[Stored data]

= = = =

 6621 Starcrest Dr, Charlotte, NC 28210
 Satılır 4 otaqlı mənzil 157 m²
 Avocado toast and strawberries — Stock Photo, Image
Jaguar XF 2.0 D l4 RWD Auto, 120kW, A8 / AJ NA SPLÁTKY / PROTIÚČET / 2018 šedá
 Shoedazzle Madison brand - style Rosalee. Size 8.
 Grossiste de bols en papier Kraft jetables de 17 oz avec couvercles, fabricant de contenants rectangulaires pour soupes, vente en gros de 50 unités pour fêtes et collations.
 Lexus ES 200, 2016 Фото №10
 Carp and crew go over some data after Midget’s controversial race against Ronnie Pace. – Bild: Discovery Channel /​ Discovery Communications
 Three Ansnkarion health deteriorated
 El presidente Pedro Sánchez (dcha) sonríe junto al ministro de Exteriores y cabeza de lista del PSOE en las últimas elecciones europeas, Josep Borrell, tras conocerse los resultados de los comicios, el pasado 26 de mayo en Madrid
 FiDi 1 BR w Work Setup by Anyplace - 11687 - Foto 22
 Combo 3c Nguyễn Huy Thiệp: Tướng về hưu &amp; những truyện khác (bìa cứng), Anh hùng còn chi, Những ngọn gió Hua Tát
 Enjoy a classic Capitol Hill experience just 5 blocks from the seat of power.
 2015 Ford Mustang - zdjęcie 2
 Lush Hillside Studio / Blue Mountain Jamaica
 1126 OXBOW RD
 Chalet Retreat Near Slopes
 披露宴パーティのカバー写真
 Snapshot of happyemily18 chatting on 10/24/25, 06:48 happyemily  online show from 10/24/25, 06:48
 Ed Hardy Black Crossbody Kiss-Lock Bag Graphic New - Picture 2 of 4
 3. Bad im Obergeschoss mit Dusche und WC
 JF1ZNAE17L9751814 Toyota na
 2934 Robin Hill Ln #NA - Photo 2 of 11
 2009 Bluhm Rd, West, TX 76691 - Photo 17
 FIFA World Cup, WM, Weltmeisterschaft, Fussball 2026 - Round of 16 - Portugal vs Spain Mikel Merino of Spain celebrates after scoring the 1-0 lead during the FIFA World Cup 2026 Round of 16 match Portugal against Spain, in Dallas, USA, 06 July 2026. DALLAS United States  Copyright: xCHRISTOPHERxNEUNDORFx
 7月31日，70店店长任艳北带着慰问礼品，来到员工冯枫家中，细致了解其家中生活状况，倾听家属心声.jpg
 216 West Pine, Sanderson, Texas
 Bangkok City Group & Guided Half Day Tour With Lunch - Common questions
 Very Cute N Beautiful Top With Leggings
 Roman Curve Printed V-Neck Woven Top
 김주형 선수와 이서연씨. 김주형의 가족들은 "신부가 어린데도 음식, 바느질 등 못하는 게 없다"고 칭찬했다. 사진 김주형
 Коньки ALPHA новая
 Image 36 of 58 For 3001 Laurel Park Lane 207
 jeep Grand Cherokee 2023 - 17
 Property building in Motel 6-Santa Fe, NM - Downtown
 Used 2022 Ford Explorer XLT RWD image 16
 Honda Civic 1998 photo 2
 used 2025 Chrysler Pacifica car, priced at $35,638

= = = =

Return exactly, and only, the lines above starting at the line that contains "7月31日，70店店长任艳北" and ending at the line that contains "jeep Grand Cherokee 2023 - 17".

# Solution below
 7月31日，70店店长任艳北带着慰问礼品，来到员工冯枫家中，细致了解其家中生活状况，倾听家属心声.jpg
 216 West Pine, Sanderson, Texas
 Bangkok City Group & Guided Half Day Tour With Lunch - Common questions
 Very Cute N Beautiful Top With Leggings
 Roman Curve Printed V-Neck Woven Top
 김주형 선수와 이서연씨. 김주형의 가족들은 "신부가 어린데도 음식, 바느질 등 못하는 게 없다"고 칭찬했다. 사진 김주형
 Коньки ALPHA новая
 Image 36 of 58 For 3001 Laurel Park Lane 207
 jeep Grand Cherokee 2023 - 17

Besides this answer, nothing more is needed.